Upon updating some blog posts for this site, I was getting a big red banner on the post editor with the following:
Updating failed. The response is not a valid JSON response.
But it seemed that the post was still updating. Strange.
I have seen this before and found that a plugin conflict normally caused this issue.
After disabling a few plugins and trying again, the error was still persistent.
A couple of posts after researching on google suggested using the Classic Editor. No thanks, Im all-in 100% Gutenberg now and really loving it.
I have added a couple of solutions below:
Re-save your permalinks
My next step is to re-save permalinks.
After resaving, the issue appeared to have gone away for my use case.
Increasing fastcgi buffer size.
I noticed I was getting a 502 error in developer tools when viewing the console output. Looking at error logs, I then inspected the server error.log for that site. Then saw this log output:
2022/11/01 10:12:06 [error] 3550188#3550188: *5 upstream sent too big header while
reading response header from upstream, client: 123.123.123.123, server:
wpdocs.io, request: "POST /wp-json/wp/v2/posts/18880?_locale=user HTTP/2.0",
upstream: "fastcgi://unix:/run/php/php7.4-fpm-sdgsghtgrg.sock:",
host: "wpdocs.io", referrer: "https://wpdocs.io/wp-admin/post.php?post=185880
&action=edit"
I noticed that disabling the LinkWhisper plugin made the issue go away, but the client still wanted to use LinkWhisper… so…

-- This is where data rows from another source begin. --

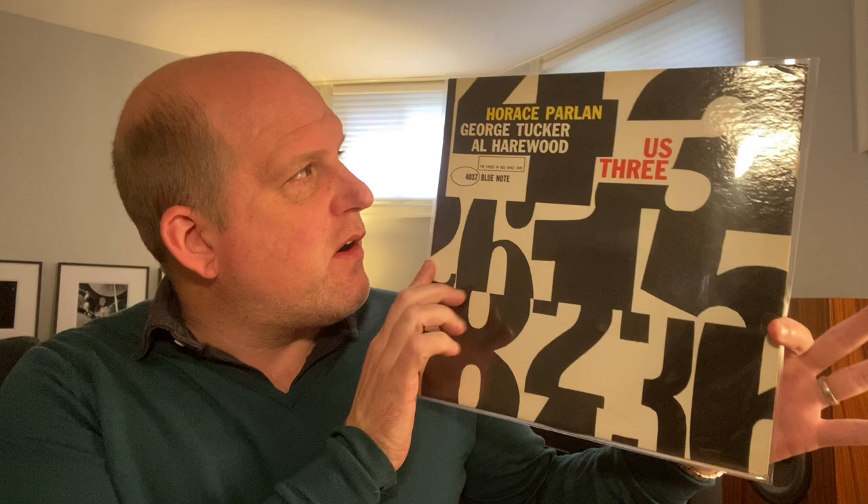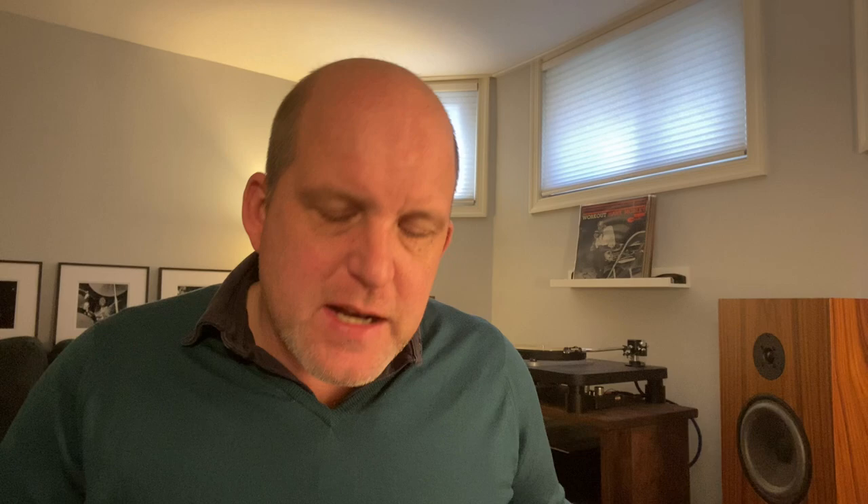I did get "Up and Down" earlier this year, but then I added this to the stable, which is Horace Parlan, "Us Three." Beautiful cover. What else can be said? I mean, this is about as minty as you can get. It is a review copy, so it is a promo, which is great. Is it my favorite Horace Parlan album? It is not, but is there a bad Horace Parlan album? No, there is not. Super clean — I would say EX all around. Lovely, lovely copy. Really excited for that.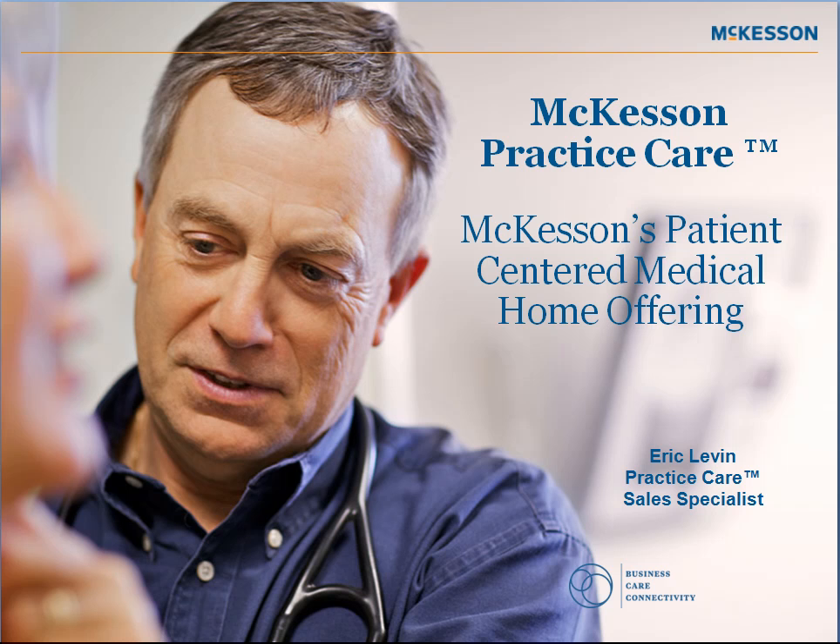McKesson has created a patient-centered medical home offering called Practice Care. To go into what Practice Care offers, we first need to start with why we're doing this.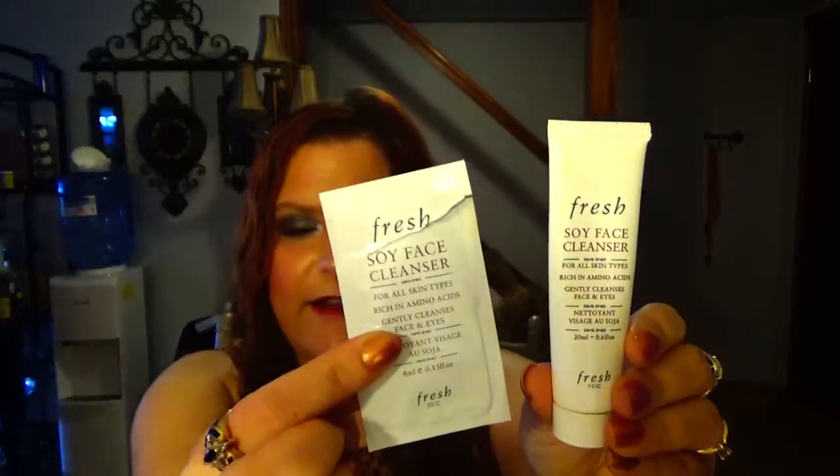The Fresh Soy Face Cleanser — I went through this and a foil sample of it. I would never buy it; I think it stinks, it's just foul. The Origins Plantscription Anti-Aging Cleanser I actually really enjoyed. You guys know my holy grail is the Purity Made Simple, but this makes me rethink that. I love Purity, but if this were a lower price I would switch to this. It was really refreshing and my face felt clean.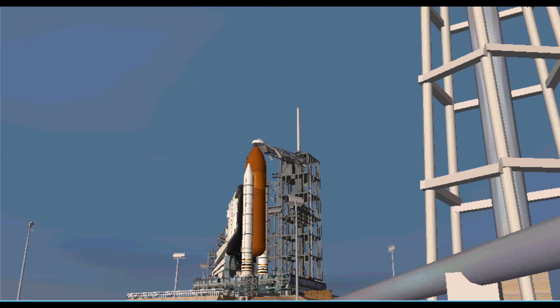T-minus six minutes, fifty seconds. Planning to hold at T-minus five minutes unless the range is clear.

All the servers we use are NGINX/PHP-FPM.
Find the line in the nginx.conf file that says fastcgi_buffer_size
Changing the value from 16kb to 32kb fixed the issue for us.
fastcgi_buffer_size 32k;
Other Solutions
There are other solutions provided in this article on webspeedtools.com as well if resaving permalinks doesn’t work for you.
If the issue does come back, be sure that I will return and update this post with my findings.